Build question-aware schema search and isolation CLI over inspect.json and dbt metadata

ID	CONTEXT_CATALOG_NIMBLE-BUILD_QUESTION_AWARE_SCHEMA_SEARCH_AND_ISOLATION_CLI_OVER_INSPECT_JSON_AND_DBT_METADATA
Status	not_started
Priority	p1
Milestone	m2-internal-adoption-design-partners
Owner	data-ai-engineer-architect
Initiative	question-aware-schema-retrieval-and-narrowing

Problem

Build a local file-and-CLI retrieval layer that composes inspect.json, dbt schema metadata, and lightweight docs into a searchable corpus, supports search/show/bundle commands, and returns a narrow working set for an AI question instead of a full schema dump.

Context

Today the project has rich metadata but no question-aware retrieval stage:

target/inspect.json stores profiled table metadata
catalog() can browse or deep-profile tables
format_schema_context() can render compact text
text-to-SQL paths still mostly consume broad schema context rather than a narrow working set

This task should create the local retrieval substrate that sits between "all known metadata" and "the prompt the generator actually sees."

Important constraints:

keep it file/CLI-first for M2
use deterministic ranking first
reuse existing inspect.json and dbt metadata
produce a reusable bundle artifact, not just ad hoc terminal output
do not spend time optimizing speed or building fancy indexes unless the simple version clearly fails

Possible Solutions

Recommended: derived local corpus + deterministic search + bundle isolation Build a derived corpus from inspect.json, dbt metadata, and lightweight local docs.

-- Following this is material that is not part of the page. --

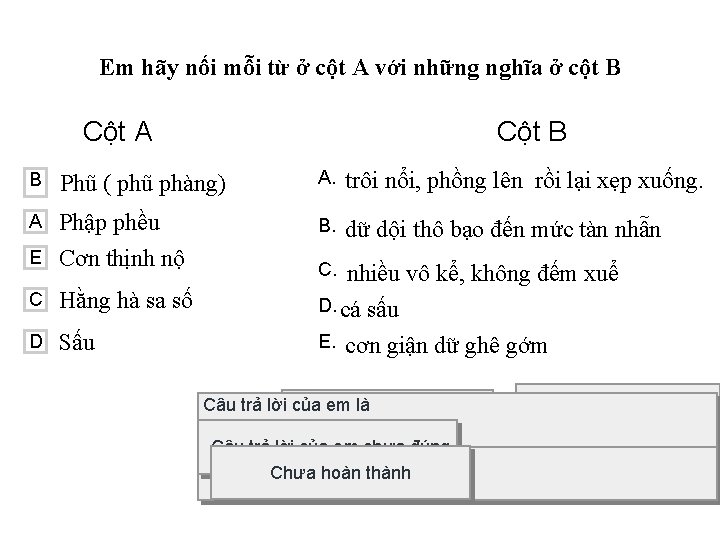 Em hãy nối mỗi từ ở cột A với những nghĩa ở cột B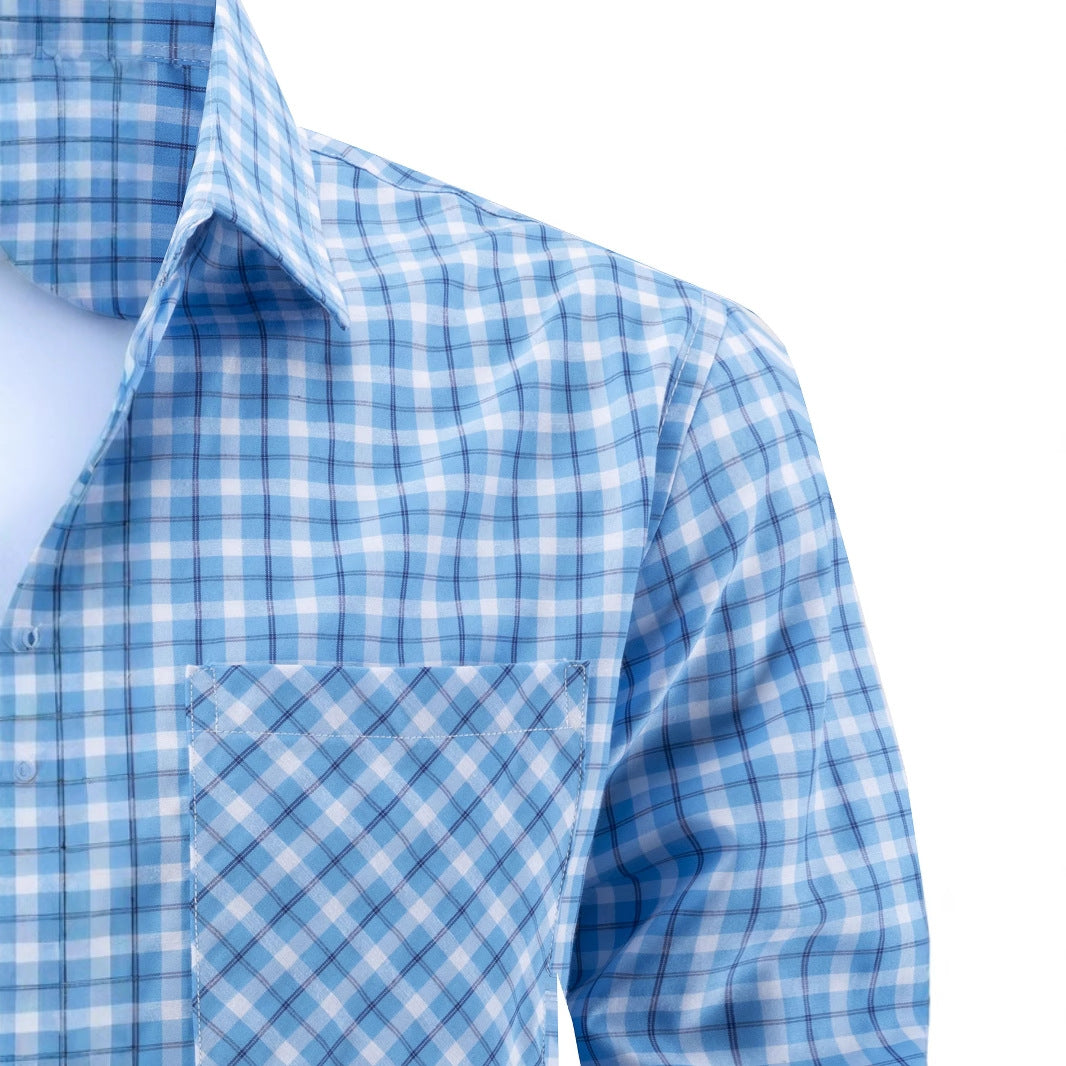 Men's checked long-sleeve shirt with breast pocket Lisslune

Add build, search, show, and bundle commands. Use field-weighted lexical ranking for search, then isolate a small working set for generation.

Why this is recommended:

matches the M2 simplicity requirement
separates retrieval from isolation cleanly
is easy to inspect and debug
can later back an MCP tool without rewriting the core logic

Make agents call catalog() repeatedly and let the model browse manually.

Trade-off: minimal engineering, but retrieval stays implicit and prompt usage stays inconsistent.

Start with embeddings/vector search.

Trade-off: may help later, but adds infrastructure and opacity before we know deterministic retrieval is insufficient.

Keep optimizing the existing full schema formatter instead of building retrieval.

Trade-off: easier in the short term, but it keeps retrieval and isolation implicit and does not give agents a reusable way to narrow context.

Plan

Define the derived corpus record schema for tables, columns, relationships, and docs.
Build a local corpus artifact from inspect.json and dbt metadata.
Add CLI commands: - dft context build - dft context search "<question>" - dft context show <id> - dft context bundle "<question>"
Implement deterministic field-weighted ranking. This can be a simple Python scoring function over in-memory JSON records.
Implement bundle generation that: - keeps top tables - trims to top columns per table - includes short descriptions and relationship hints - emits both JSON and compact bundle_text
Add focused tests for corpus build, ranking, and bundle output.

Likely files

new retrieval module under dataface/ai/
CLI command wiring under dataface/cli/commands/
existing inspect/dbt metadata readers
focused tests for search and bundle behavior

Explicit anti-goals for this task

no vector DB
no special indexing service
no attempt to make search "fast" before proving it is useful
no attempt to make the scorer perfect before agents are actually using the bundle

Implementation Progress

Not started.

QA Exploration

[x] QA exploration completed (or N/A for non-UI tasks)

N/A - local CLI/context task.

Review Feedback

[ ] Review cleared